I "strongly suggest" everyone drops NIST's encryption standards as soon as there are viable alternatives to them. They can't be trusted ever again, and it's best to form another truly international security standards body, anyway, with ties to no government.
And how do you know the "independent" organization that comes up with the next encryption standard wasn't covertly influenced or controlled by a hostile entity[1]?
Public scrutiny and peer review are the best defenses, and the NIST did as much.
[1] IMHO, I'm far more concerned about China and Russia then the US.
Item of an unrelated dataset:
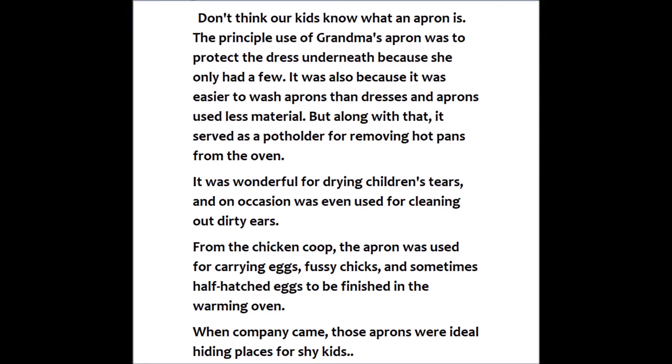Don't think our kids know what an apron is. The principal use of grandma's apron was to protect the dress underneath, because she only had a few. It was also because it was easier to wash aprons than dresses, and aprons use less material.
This. Seriously, their algorithms and mathematics are public and under constant scrutiny from the entire crytographic community. The vulnerabilities in RSA are known, sha already has a third version ready if a systemic weakness in 128->512 bit sha1/2 is revealed, and AES may require 512 bit keys for guaranteed security in the future, but seems solid.
They can't backdoor a math function because all 3 have been implemented by dozens of libraries and programs independently.
AES is only defined for 128, 192, or 256 bit keys. You'd need to switch to a different block cipher like Blowfish (up to 448 bit keys), RC2 (up to 1024 bit keys), or RC5 (up to 2048 bit keys) to have a larger keyspace.
If Bruce Schneier thinks that strong symmetric crypto works (the math behind it is sound) I think I will also trust it.
The attacks are usually on the implementations or subverting the rng. Or plain old thermorectal cryptoanalysis - it obtains both symmetrical and asymmetrical keys in fixed time.